Brookfield Global Listed Infrastructure Income Fund: Potential for Diversified Protection in Volatile Markets

Stock investors have experienced rising volatility levels since the summer, and this has generated new rounds of analysis which suggests that equities markets have become overvalued.  This is particularly true in the technology sector, where companies like Apple (NASDAQ:AAPL), Amazon (NASDAQ:AMZN), and Facebook (NASDAQ:FB) have witnessed substantial declines after posting all-time highs earlier in the year.  Global trade tensions and the prospect of tighter interest rate policy at the Federal Reserve have weighed on stocks, and reversed many of the gains posted earlier this year.

Ultimately, this means long-term investors must adopt proactive strategies in order to more effectively manage their positions.  Closed-end funds may offer some interesting opportunities in these types of environments because they often trade at substantial discounts relative to net asset value.  One name which is currently trading at attractive valuations relative to its historical averages, is Brookfield Global Listed Infrastructure Income Fund (NYSE:INF).

Dividend Investments

The Brookfield Global Listed Infrastructure Income Fund is a well-diversified instrument with assets allocated across major sectors within the global listed infrastructure universe.  The Fund seeks to provide a high level of total return, with an emphasis on income, typically investing at least 80% of its net assets in publicly traded equity securities of infrastructure companies.  

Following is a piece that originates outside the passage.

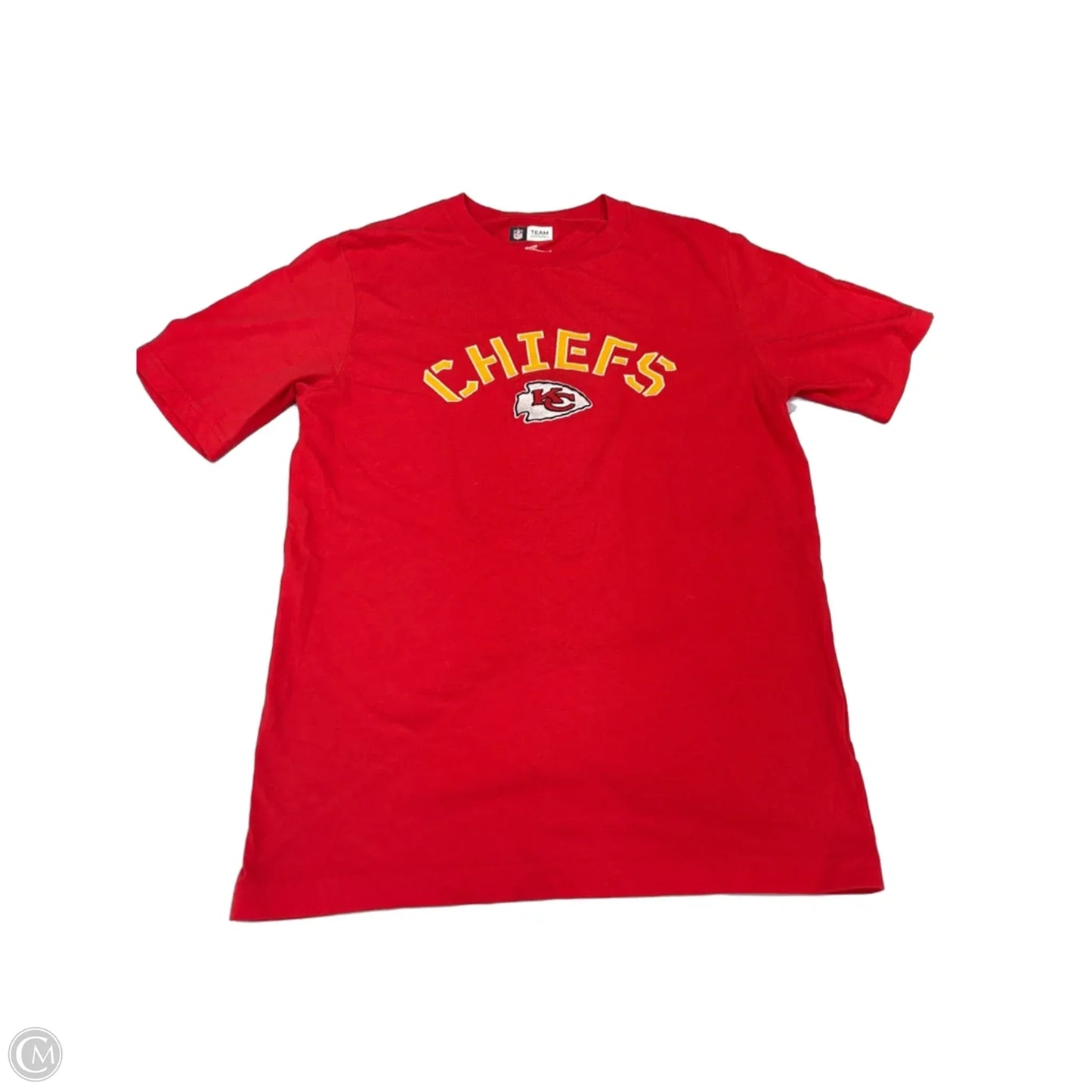 Top Short Sleeve By Nfl In Red, Size: M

As of September 30, 2018, Master Limited Partnerships (MLPs) currently represent the largest sector for the Fund and Utilities currently make up the majority of the Fund at 21.2%, followed by Toll Roads (15.4%), Pipelines (13.1%), Renewables/Electric Generation (12.2%), Electricity Transmission & Distribution (10.4%), Communications (7.3%), Midstream (7.0%), Airports (4.6%), Water (4.3%) and Gas Utilities (2.8%).  This high level of asset diversification may help investors ensure greater protection from potential market declines in any individual industry.

Dividend Investments

Further evidence of potential protective diversification can be found in the Fund’s regional exposure as of September 30, 2018.  A majority of the holdings in the Brookfield Global Listed Infrastructure Income Fund are centered in the United States (at 56.7%).  Companies in developed European nations are second in defining the Fund’s regional exposure (at 17.2%).

Finally, companies in Canada (9.5%), the United Kingdom (7.4%), Asia Pacific (6.9%), and Latin America…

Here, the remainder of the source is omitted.